Lines before the one containing "Hotelli Adonis Beach" are not copied; that line and every one after it, through the end of the material below, are printed exactly, without pictures.
*** Opening of RECORDS FOR THIS EXERCISE ***
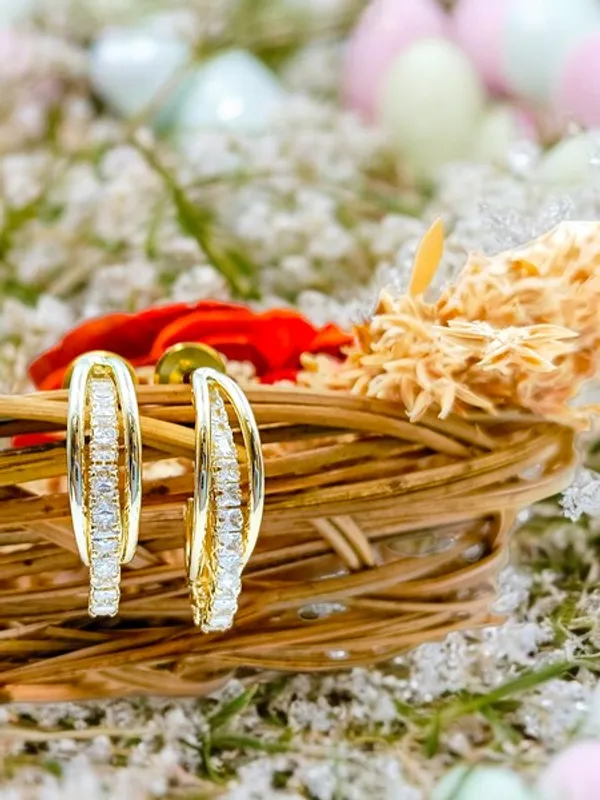 Golden_Glow_Hoop_Cz_Stone_Stainless_Steel_Earrings_Silver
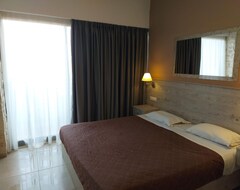 Hotelli Adonis Beach - Rooms (Amoudara Heraklion, Kreikka)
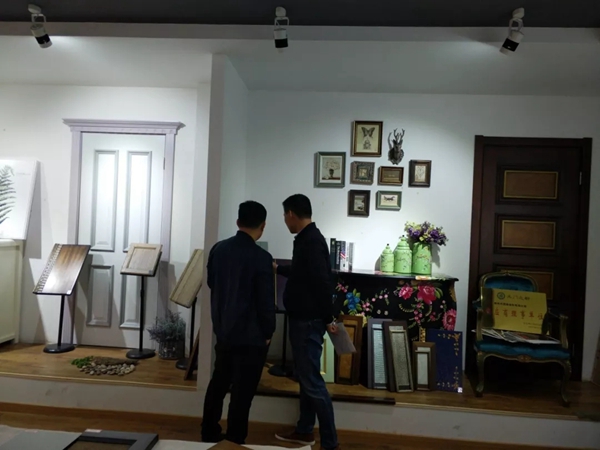 华润涂料全国展示中心参观人数激增！2019家具新品值得期待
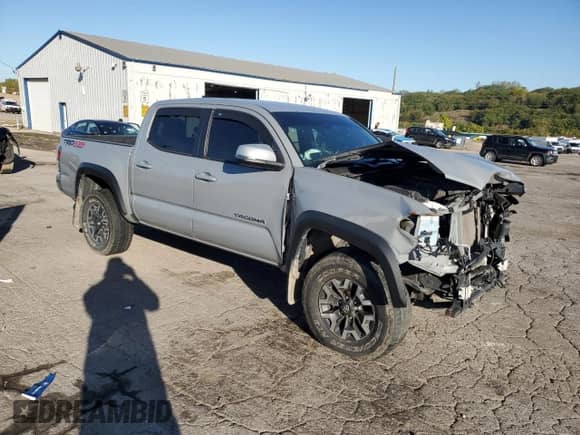 2021 Toyota Tacoma SR with VIN 3TMCZ5AN1MM425739, listed as a Copart auction lot 84917565 with 77,559 mi miles and Clean title. Bid and sale history available at DreamBid. Image 4.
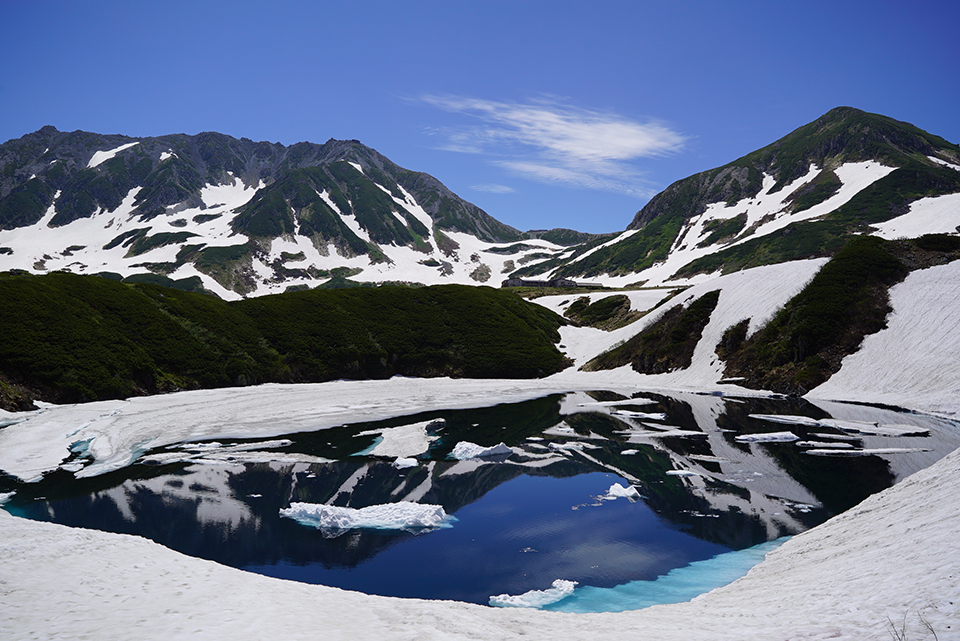 室堂（イメージ）/「鏡になったみくりが池」神奈川県の貝島 英夫さんの作品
*** Close of RECORDS FOR THIS EXERCISE ***
#### ANSWER BOX:
 Hotelli Adonis Beach - Rooms (Amoudara Heraklion, Kreikka)
 华润涂料全国展示中心参观人数激增！2019家具新品值得期待
 2021 Toyota Tacoma SR with VIN 3TMCZ5AN1MM425739, listed as a Copart auction lot 84917565 with 77,559 mi miles and Clean title. Bid and sale history available at DreamBid. Image 4.
 室堂（イメージ）/「鏡になったみくりが池」神奈川県の貝島 英夫さんの作品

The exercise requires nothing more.